David Nachmansohn (17 March 1899 – 2 November 1983) was a German-Jewish biochemist responsible for elucidating the role of phosphocreatine in energy production in the muscles, and the role of the neurotransmitter acetylcholine in nerve stimulation. He is also recognised for his basic research into the biochemistry and mechanism underlying bioelectric phenomena.
He was born in Ekaterinoslav, Russia (now Dnipropetrovsk, Ukraine), moving to Berlin at an early age. In 1926 he went to the Kaiser-Wilhelm Institut für Biologie where he worked in the laboratory under Otto Meyerhof. Nachmansohn discovered that rapidly contracting muscles contained more phosphocreatine than slowly contracting ones, which eventually led to the hypothesis that phosphocreatine was involved in the regeneration of the ATP that was built up to provide energy during muscular contraction.
Leaving Nazi-era Berlin, Nachmansohn arrived in Paris in 1933 and took up a position in the Sorbonne. There he discovered that acetylcholinesterase is present at high concentrations in many different types of excitable nerve and muscle fibres and in brain tissue - lending support for Otto Loewi and Henry Dale's then novel proposal that acetylcholine functions in the transmission of impulses from nerves across junctions to other nerves or to muscles.

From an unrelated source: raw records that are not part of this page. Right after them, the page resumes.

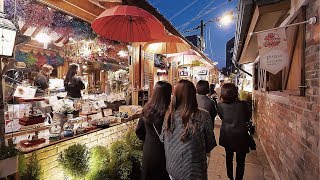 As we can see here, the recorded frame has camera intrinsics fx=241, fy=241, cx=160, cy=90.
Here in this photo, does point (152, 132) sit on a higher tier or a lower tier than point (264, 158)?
higher

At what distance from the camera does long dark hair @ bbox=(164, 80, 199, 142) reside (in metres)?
2.91

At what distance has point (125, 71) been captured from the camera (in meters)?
7.64

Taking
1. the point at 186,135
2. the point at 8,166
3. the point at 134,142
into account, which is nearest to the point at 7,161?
the point at 8,166

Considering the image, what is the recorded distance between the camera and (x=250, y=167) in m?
7.11

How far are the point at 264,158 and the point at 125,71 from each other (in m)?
5.37

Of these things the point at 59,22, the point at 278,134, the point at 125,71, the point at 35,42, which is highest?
the point at 59,22

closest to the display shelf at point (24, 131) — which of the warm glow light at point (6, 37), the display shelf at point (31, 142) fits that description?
the display shelf at point (31, 142)

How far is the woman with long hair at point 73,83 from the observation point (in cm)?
628

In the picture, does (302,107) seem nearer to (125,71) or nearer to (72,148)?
(72,148)

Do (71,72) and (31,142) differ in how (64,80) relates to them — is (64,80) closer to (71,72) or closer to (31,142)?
(71,72)

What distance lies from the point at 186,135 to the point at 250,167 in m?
5.13

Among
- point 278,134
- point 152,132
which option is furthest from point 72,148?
point 278,134

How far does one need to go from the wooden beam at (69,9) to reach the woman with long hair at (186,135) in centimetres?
321

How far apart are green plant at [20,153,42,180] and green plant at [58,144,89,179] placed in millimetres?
505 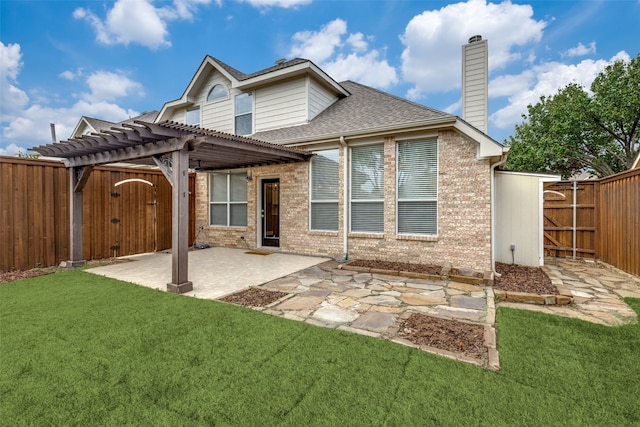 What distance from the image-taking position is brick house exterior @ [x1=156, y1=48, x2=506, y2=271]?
6.11 metres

Nachmansohn obtained very active solutions of acetylcholinesterase from the electric organ of the marbled electric ray (Torpedo marmorata). Nachmansohn moved to Yale University in 1939 and while there published studies confirming the presence of even higher concentration of acetylcholinesterase in the electric organ of electric eels (Electrophorus electricus). This work also demonstrated a strong connection between the release of acetylcholine and the electric discharge.
In 1942 Nachmansohn moved into a laboratory at Columbia University where his group continued to publish on the mechanism underlying electric discharge in fish; using electric eels provided by the aquarium of the New York Zoological Society.
Nachmansohn became a member of the National Academy of Sciences (USA) in 1965. He was made an Honorary Fellow of the Weizmann Institute in 1972.